What ISO were you shooting at? I try to stay from 100-400. You need to use a flash. You have to if you want to catch them, plain and simple. A flash freezes them a lot better because of the fact that it is not just adding light... it is adding light really fast, faster than your shutter, unless you have a really good flash that fires over 1/250th which is where mine is.

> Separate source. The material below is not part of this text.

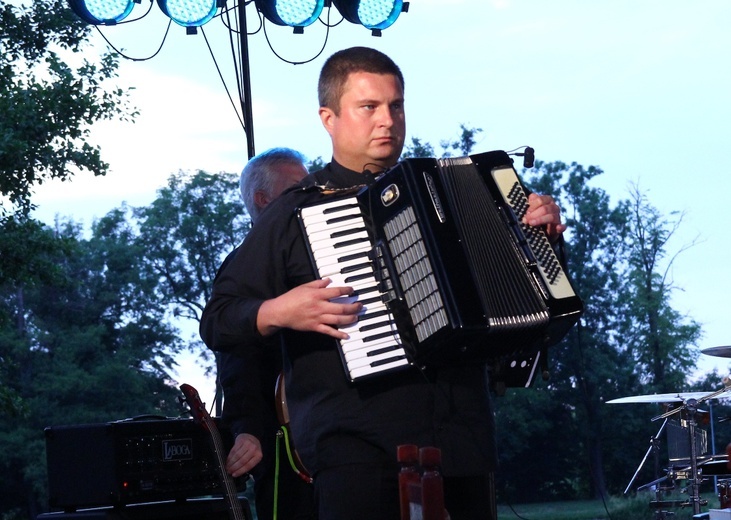 Koncert uwielbienia nad stawami w Oleśnicy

Don't use synch, unless you are going for the tracer effect. You just need your straight up flash. You have to make a choice. I love shooting with natural light for the most part but indoors at a party with the lights lower you gotta bounce your flash, hopefully off a white ceiling.On the other hand, with a fixed flash sync speed, I was getting the usual flash-type shots - very bright subjects in the foreground, with a very dark background - no problems with motion blur here, but these pictures just look pretty horrible in general. I did use the time to try out things and learnt quite a bit over the course of the day, but it would be nice to get some comments on this from the community.
Yeah. You gotta have a flash if you want to shoot these situations. Bounce the flash though. There are all sorts of ways to DIY your own bouncing. If you know there will be certain areas you will be shooting toss a white board on one wall that you can bounce off of.So - is the best course of action here to buy a larger flash for the camera? Will this illuminate more of the scene and give better, sharper pictures overall without those nasty holiday flash snapshots? What could I do if for the time being I wasn't planning on buying more gear?
Kids are low to the ground, you could build a little flash kicker (from skateboarding terms). I have a cardboard box, well cut into a triangle that I can slide on one side of a wall. When I get low it gives me something to bounce light from and it reflects it up. The best thing though, a white windshield sun protector/visor thing. Fold it out and just walk around with it.